白い長い衣を着た若者を「恐ろしい」と思ったのでしょうか? 一瞬は、そう思ったかもしれません。この人は「主イエスだろうか?」いや違う。「アリマタヤのヨセフだろうか?」いや違う。先日、ヨセフの一挙手一投足を、しっかりと、確かめるように見ていましたから。したがって、この二人でないことは、すぐに判断できたでしょう。

 そうすると「誰かがイエスの遺体を奪った」、と思ったのでしょうか?

 「復活した」と言われても、そのような考え、そのような信仰は持ち合わせていなかった、ということも考えられます。

 ユダヤ教徒なら、誰でも復活信仰を持っていたわけではありません。サドカイ派という、ユダヤ教内のエリート集団があります。神殿などで祭儀を担当する、いわゆる聖職者階級です。彼らはモーセ五書(創世記、出エジプト記、レビ記、民数記、申命記)のみを重要視し、復活を信じません(マルコ12:1827)。
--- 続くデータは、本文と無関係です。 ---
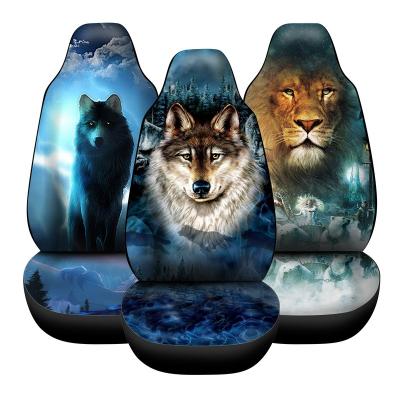 China Wholesale 2022 High Elasticity Universal Universal Fit For Most Custom Seat Covers Front Seat Protector Breathable Vehicle Automobiles Interior Decoration Car for sale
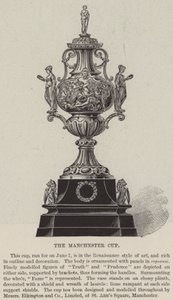 Manchester Cup (gravering) av English School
 それに対して、ユダヤ教内の反エリート集団であるパリサイ(ファリサイ)派は、モーセ五書のほかに口頭で伝えられている口伝律法も、預言の書も、モーセ五書と同様に敬意を払い、評価します。また復活を信じます。

 イエスやパウロはパリサイ派に属していたでしょう。

 

 いずれにせよ、彼女たちには想定外の出来事であり、震え上がり、正気を失ってしまい、恐ろしくて逃げ去りました。そして、「だれにも何も言わなかった」。

 

10.うるわしの白百合

 今日のテキストはここまでです。しかし、ここで終わりではありません。ここからキリスト教がスタートするのですから。あとで、落ち着いて冷静に考え、彼女たちはペトロや弟子たちの所へ報告に行きました(マルコ福音書16:911)。

 

 「礼拝中、証の前後に歌う讃美歌2曲を選んでください。」と求められました。そこで、証の前の曲に讃美歌496番を選び、一緒に歌う予定にしていました。この讃美歌は現在の讃美歌集では、「その他・復活」という分類表示がされていますが、以前は「雑」とされていました。讃美歌は日本基督教団讃美歌委員会が編纂する際に、礼拝における讃美を主眼として選び、ドイツのコラールを中心に採用しました。その基準からすると、この讃美歌496番は何だかセンチメンタルな歌で礼拝向きではないし、聖書的だとも言い難い。「うるわしの白百合 百合の花、ゆりの花……」と、まるで百合の花の美しさを讃えた歌のようです。しかし、これはアメリカで生まれた讃美歌で、愛唱歌としてもとても人気のある歌であることから、讃美歌集の終わりの方の「雑」の所に収めたのでしょう。

 

 白百合学園、白百合女子大学のように、白百合は校名にも用いられています。また、カトリックの聖母学院の校歌などには、「学びの園の 白百合の花」と歌われています。さらに、百合子さん、百合枝さん、小百合さん、と女性の名前としても人気があります。

 「白百合」はカトリック教会では、聖母マリアの象徴だそうです。同様に、清らかさ、優しさ、純潔、気高さを秘めた女性の象徴であり、「白百合のようだ」と表現されることは、女性にとっては最高の賛辞だそうです。

 また「白百合」は、中世から「復活の象徴」とされてきました。秋に球根を植えて、冬を越すと芽が出て、やがて大きな花を咲かせます。冬になり花が枯れても、地中の球根から再生する。まさに「復活の象徴」です。

 

 そのように考えると、この讃美歌496番で歌われる「うるわしの白百合」とは、安息日の開けた早朝に香料を携えてイエスの墓に向かった3人の女性のことを、清らかで、素晴らしい働きをしたことから、「白百合」のようだと讃えた歌ではないでしょうか?「イエス君の墓より いでましし昔を」と歌われているように、ここに咲いた白百合によって、3人の女性によって、「イエス復活」が弟子たちに伝えられ、希望を失っていたペトロや弟子たちの信仰が復活したのです。

 そして今、私たちも「イエス復活」の知らせに触れ、見失っていた目標・希望が甦ります。失いかけていた信仰が甦ります。

 「主イエスの復活」を喜び、感謝しましょう。

 「主イエス復活の知らせ」を喜び、感謝しましょう。